Que ne doit pas faire une AESH : liste claire et interdits

Santé

Une AESH (Accompagnant d’Élèves en Situation de Handicap) ne peut en aucun cas remplacer un enseignant, administrer des médicaments sans autorisation, surveiller seule la cantine ou effectuer des tâches administratives. Ces interdits sont définis par la circulaire 2017-084 qui encadre strictement vos missions pour protéger à la fois l’élève et vous-même.

Nous allons détailler dans cet article :

  • Les limites légales de votre fonction et pourquoi elles existent
  • Les tâches formellement interdites dans chaque domaine (pédagogie, surveillance, santé, administration)
  • Les zones grises où la prudence s’impose
  • Les stratégies pour refuser une demande illégitime avec diplomatie
  • Vos droits concrets selon les situations du quotidien

Pourquoi est-il important de connaître les limites du métier d’AESH ?

Nous constatons que beaucoup d’AESH se retrouvent à effectuer des tâches qui dépassent leur périmètre d’intervention. Cette confusion provient souvent d’un manque de formation ou de directives claires au sein des établissements. Pourtant, connaître vos limites vous protège juridiquement en cas d’incident.

Si vous effectuez une mission pour laquelle vous n’êtes pas formé ni habilité, votre responsabilité personnelle peut être engagée. Par exemple, administrer un traitement médical sans PAI (Projet d’Accueil Individualisé) peut avoir des conséquences graves en cas de réaction allergique. De même, remplacer un enseignant vous expose à des poursuites pour exercice illégal de la profession.

Votre rôle consiste à favoriser l’autonomie de l’élève accompagné, pas à vous substituer aux autres professionnels.
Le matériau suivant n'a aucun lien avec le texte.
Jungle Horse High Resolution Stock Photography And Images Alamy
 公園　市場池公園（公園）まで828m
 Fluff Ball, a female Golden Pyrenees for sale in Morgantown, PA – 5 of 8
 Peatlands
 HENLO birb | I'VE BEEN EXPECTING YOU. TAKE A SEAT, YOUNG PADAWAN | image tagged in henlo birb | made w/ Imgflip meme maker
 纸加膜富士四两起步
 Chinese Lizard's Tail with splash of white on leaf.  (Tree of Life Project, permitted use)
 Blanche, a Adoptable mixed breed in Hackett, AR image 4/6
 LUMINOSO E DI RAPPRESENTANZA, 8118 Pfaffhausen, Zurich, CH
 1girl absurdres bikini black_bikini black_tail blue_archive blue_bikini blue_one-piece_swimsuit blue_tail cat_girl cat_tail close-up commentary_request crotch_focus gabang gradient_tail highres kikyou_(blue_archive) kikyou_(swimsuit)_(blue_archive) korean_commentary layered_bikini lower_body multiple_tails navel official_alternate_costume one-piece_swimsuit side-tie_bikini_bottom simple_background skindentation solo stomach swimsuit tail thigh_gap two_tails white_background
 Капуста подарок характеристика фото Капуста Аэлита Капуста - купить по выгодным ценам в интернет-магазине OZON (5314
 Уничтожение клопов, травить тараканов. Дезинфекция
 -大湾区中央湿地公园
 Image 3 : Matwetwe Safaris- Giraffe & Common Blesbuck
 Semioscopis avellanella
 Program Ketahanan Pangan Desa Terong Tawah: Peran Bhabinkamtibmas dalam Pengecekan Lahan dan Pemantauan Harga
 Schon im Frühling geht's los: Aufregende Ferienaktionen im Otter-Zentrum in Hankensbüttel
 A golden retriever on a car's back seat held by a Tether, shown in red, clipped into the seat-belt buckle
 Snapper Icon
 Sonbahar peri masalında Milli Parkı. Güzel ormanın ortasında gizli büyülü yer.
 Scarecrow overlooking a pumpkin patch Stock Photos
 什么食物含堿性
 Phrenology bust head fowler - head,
Cette distinction garantit la qualité de l’accompagnement et respecte les compétences de chacun.

Ce qu’une AESH ne doit jamais faire selon la loi

La circulaire 2017-084 du 3 mai 2017 définit avec précision le cadre de votre intervention. Ce texte officiel constitue votre référence légale et vous pouvez vous y appuyer pour refuser toute demande hors mission. Nous vous recommandons d’en garder un extrait avec vous.

Vos missions s’articulent autour de trois axes : les actes de la vie quotidienne, l’accès aux activités d’apprentissage et les activités de la vie sociale et relationnelle. Tout ce qui sort de ce cadre n’entre pas dans vos attributions, même si la demande vous est formulée poliment ou en situation d’urgence.

Le non-respect de ce cadre vous expose à des sanctions disciplinaires, voire à un licenciement pour faute. Plus grave encore, votre responsabilité civile ou pénale peut être mise en cause si un élève se blesse pendant que vous exercez une mission pour laquelle vous n’étiez pas mandaté.

Tâches pédagogiques interdites à une AESH

Vous n’avez pas le droit de concevoir, dispenser ou évaluer des contenus d’enseignement. Remplacer un enseignant absent, même pendant cinq minutes, constitue une infraction. Préparer une séquence pédagogique, animer seul un atelier ou corriger des copies dépasse votre champ de compétences.

Nous observons fréquemment des situations où l’on demande aux AESH de « réexpliquer une notion » à l’élève. La nuance est subtile mais capitale : vous pouvez reformuler une consigne avec des mots plus simples, relire un texte à haute voix ou guider l’élève dans la compréhension d’un exercice. Vous ne pouvez pas refaire le cours de mathématiques ou enseigner une règle de grammaire.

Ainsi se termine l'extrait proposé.